Why Foreigners Are Queuing Up to Give Them Money: BYD overseas success strategy
- Yongxiang Shi

- Apr 13
- 3 min read
In an era where “everything is highly competitive,” the most common topic among foreign trade and overseas market professionals is the relentless price war. Yet while many businesses struggle to secure even a 1% profit margin, an automaker and a toy seller are expanding into Western markets—getting picky consumers to line up and pay premium prices.

BYD overseas success strategy is built on technology leadership, supply-chain control, and exporting standards—not just competing on price.
Those two trailblazers are BYD, a leader in China’s new energy vehicle sector, and Pop Mart, a top-tier brand in the designer toy industry. Below is the underlying logic behind their global success.
BYD: Selling the Admission Ticket to the New Energy Era
Many observers assume BYD’s overseas success comes from offering high configurations at prices lower than Tesla. But in Europe—the birthplace of the automotive industry—low price alone can’t build a durable position. BYD’s real logic is exchanging technology for market share, not exchanging price for orders.
1) From “Assembly Plant” to Full Supply Chain Hegemon
While competitors scramble to source battery cells, chassis, and motors, BYD has taken control of these core components—moving from an assembly role to dominance across the entire industry chain.
This gives BYD the power to define “what makes a good car,” building hard technological barriers through innovations such as the Blade Battery, CTB (Cell to Body) technology, and the e4 platform.

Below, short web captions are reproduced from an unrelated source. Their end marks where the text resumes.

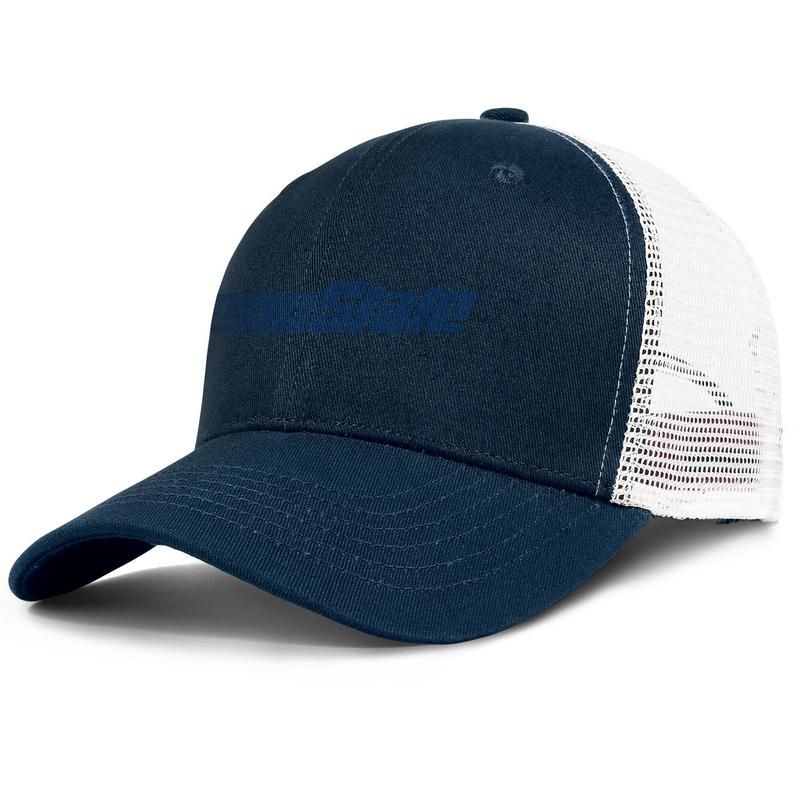 penn state golf hat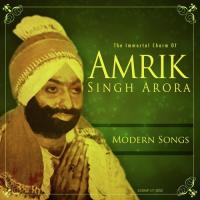 The Immortal Charm of Amrik Singh Arora songs mp3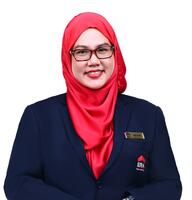 Siti Nurainina Binte Saaet (Nina Saaet)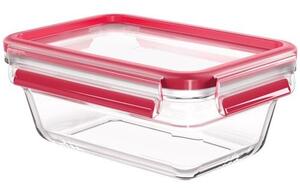 Tefal Master Seal Glass N1040810 - Dóza obdĺžniková 0,85 L
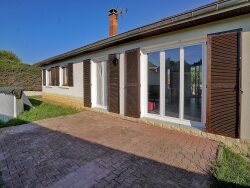 salle-a-manger---sejour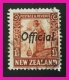 P2Tti20 NZ 1936 1.5d OFFICIAL W43 U $47
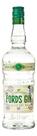Gin Inglês Fords London Dry - Garrafa 750ml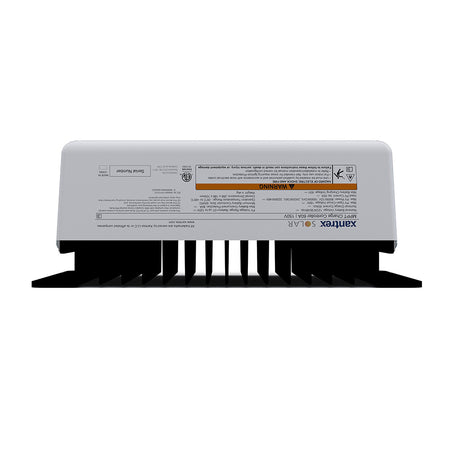 Xantrex 60 AMP MPPT Charge Controller 710-6048-01 — Quality Boat Parts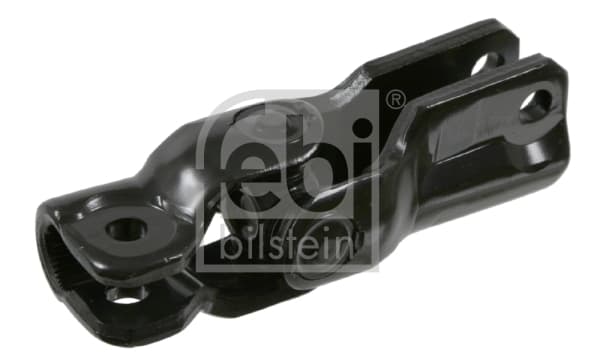 FEBI BILSTEIN Kĺb stĺpika riadenia 18539 1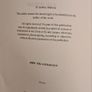 More Ballina Stories And Poems. By Aubury Malone. In Very Good Condition. Image 5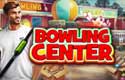 Bowling Center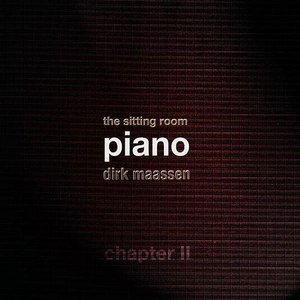 Bild für 'The Sitting Room Piano (Chapter II)'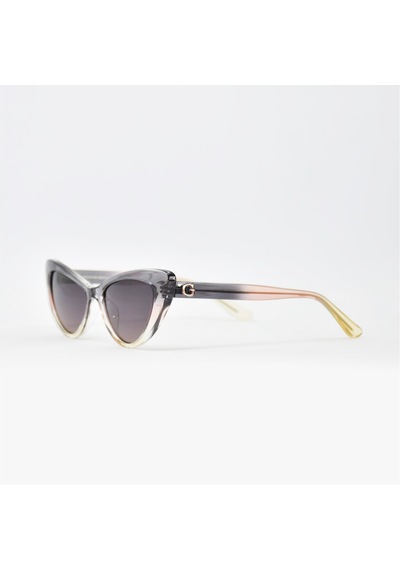 Guess Kız Çocuk Güneş Gözlüğü Gu 9216 20B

BYD’s latest figures highlight the depth of this moat:
R&D investment: 63.4 billion RMB (7.89% of revenue)
R&D workforce: 120,000 people
Global patent applications: 71,094
When foreign consumers see stable range, high safety, and technologies that even Mercedes-Benz and BMW can’t yet mass-produce at scale, they stop comparing prices and start comparing generational technology gaps.
2) Becoming the Rule Maker
BYD isn’t just exporting a four-door transportation tool—it’s exporting a set of Chinese new energy vehicle technology standards. As its supply chain penetrates global markets and its standards become the template, BYD shifts from “car seller” to “rule maker” in the new energy era.
Pop Mart: Selling Cross-Border Emotional Dopamine
How can a small plastic figure costing only a few dozen yuan secure prime storefronts in London, New York, and Tokyo—while generating queues hundreds of meters long? Pop Mart has mastered cross-border IP operations by selling emotion, not plastic.
1) The Blind Box Is the Surface; the IP Is the Soul
Pop Mart doesn’t simply sell toys. It sells IP and emotional value. Characters like Molly and Labubu don’t rely on long backstories; the deliberate “blank space” lowers cultural barriers between East and West.
No matter where you’re from, you can project your own emotions onto a pouting little girl or quirky elf. That’s cultural soft power: creating resonance instead of preaching.
2) The Ultimate “Unboxing” Experience
Pop Mart turns retail into a thrilling game of chance. The blind box “reveal” triggers a universal dopamine feedback loop.
By selling an experience, Pop Mart moves consumers from passive buyers to active collectors. It proves a key point: when a product carries cultural and emotional weight, it gains pricing power and escapes the factory mindset of piece-rate charging.
The Underlying Logic of BYD overseas success strategy: Products Are the Surface, Rules Are the Core
Whether exporting technology or exporting culture, the logic is consistent: neither company is merely selling a product—they’re outputting a new set of “rules of the game.”
BYD: Redefines EV performance standards and supply chain structures.
Pop Mart: Redefines consumer psychology and the social attributes of designer toys.
A common mistake in overseas expansion is underestimating customers’ desire for value while overestimating their sensitivity to price. If your model is “I have goods, and I’m cheap,” you’re always replaceable. Cut 5% today, and someone else cuts 10% tomorrow.
How to Make Your Brand Indispensable
Ask yourself: besides price, what makes your product a must-buy? In your clients’ eyes, are you a “replaceable factory” or an “irreplaceable partner”?
Re-examine your business across three dimensions:
Technological barriers: Do you have patents, craftsmanship, or service processes that are hard to copy?
Brand mindshare: When customers think of your category, is your brand the first keyword they recall?
User experience: Beyond delivery, do you provide extra value that genuinely surprises customers?
2026: The Watershed Year for Global Expansion
2026 is a watershed moment for Chinese enterprises going global. The era of easy money from information gaps and cheap labor is over. The future belongs to brands that break old rules, set new standards, and use culture and technology to win worldwide.